Me estoy haciendo mayor para este tipo de propuestas, está claro… Aguanté, creo, tres capítulos de la primera temporada y tuve que abandonar por salud mental, Llegaron a entrarme picores al ver el espacio donde se manufacturaban esos platillos y a sus artífices. El ritmo era absolutamente demencial, creando un estado de nerviosismo en el espectador que tarda un tiempo en darse cuenta de que no lo necesita. Además, el protagonista me pareció repulsivo, hubiera pagado por una milagrosa evaporación de su personaje; al instante, caí en la cuenta de que para eso estaba el mando a distancia y me largué a otros barrios televisivos.

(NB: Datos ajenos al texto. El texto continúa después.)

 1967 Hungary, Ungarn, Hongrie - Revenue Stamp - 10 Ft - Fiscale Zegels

La segunda temporada baja el nivel ahondando en psicologismos baratos y traicionando a la clase obrera, convirtiendo un restaurante auténtico, histórico y para todos los bolsillos, en un restaurante para pijos con ínfulas de estrellas Michelin.
La serie está bien, pero me temo que en España no podamos apreciar mucho más que el virtuosismo del ritmo y de las interpretaciones. Su visión está demasiado enraizada en el ethos de los Estados Unidos, donde sí que esta siendo un fenómeno, y desde Europa es difícil verla más que «desde fuera», sin llegar a sentir como los personajes. Por otra parte, me parece que el artículo es demasiado insípido, limitándose a divagar y elogiar, sin dar en la clave del éxito de The Bear entre el público americano. Una tendencia que es sospechosamente habitual en las reseñas de Jot Down sobre productos Disney, como ya he comentado en alguna ocasión.

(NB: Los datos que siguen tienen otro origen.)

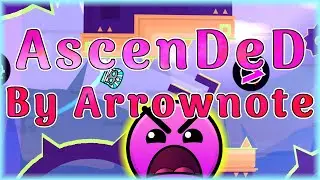 AscenDeD (By Arrownote) [All Coins] Daily Level #3,326 | Geometry Dash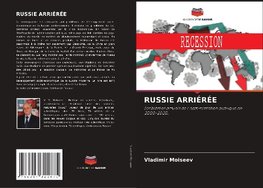 RUSSIE ARRIÉRÉE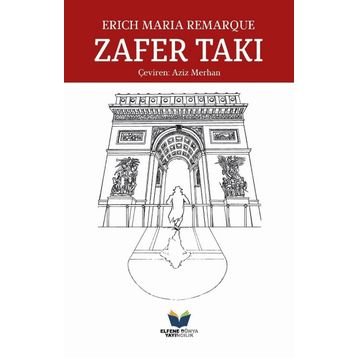 Zafer Takı - Erich Maria Remarque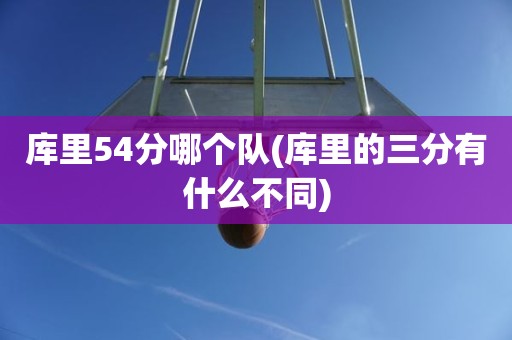 库里54分哪个队(库里的三分有什么不同) 库里54分哪个队(库里的三分有什么不同)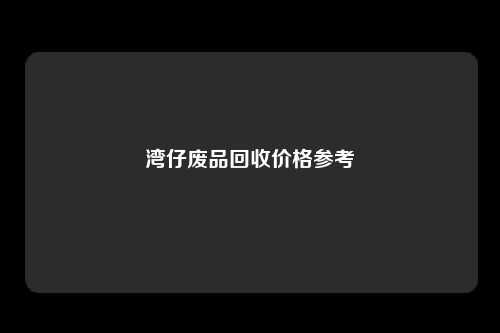 湾仔废品回收价格参考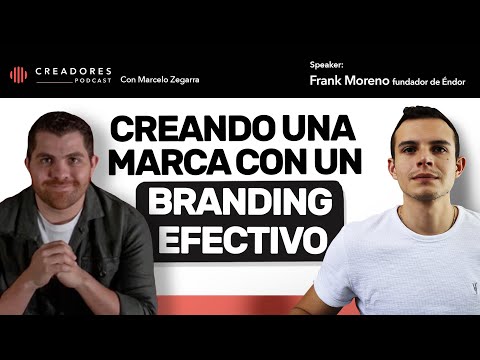 Creando una marca con un branding efectivo | Con Frank Moreno, fundador de Éndor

El problema de estas series es verlas habiendo estado dentro. Vi los primero episodios y le faltaba realismo. Además: ¿Qué demonios tiene que ver con la cocina y garito de sangüiches, pijo? Es más, un chef no permitiría ese desmadre que se ve en toda la serie. No es serio, no es creíble. Así te comen en dos días y el resto lo sirven como sangüiche. Tal cual.
Siempre estoy esperando una película o una serie que refleje la realidad de las cocinas y comedores y me temo que el único que ha estado a la altura hasta ahora ha sido Steven Seagal en Alerta Máxima. Tal vez porque ha trabajado en el negocio.
He disfrutado muchísimo el articulo, gracias!!
En casa ya habíamos visto las dos temporadas y coincidimos que es una obra maestra.
Gracias por darle un poco de aliño a este «bocato de cardinale» :)
Imposible disfrutar de lo que me provoca estrés y ansiedad. No pasé de los primeros capítulos porque no entiendo este ritmo frenético tan de moda y es más, me parece aterrador que haya quien lo disfrute.
¿Estamos ante una sociedad que cada vez disfruta más del estímulo exarcebado?
Esta serie me la recomendó mucha gente, pero sinceramente, me pareció penosa.
Insufrible. Solo aguanté 15 minutos. Buena elección si quieres sufrir un brote psicótico.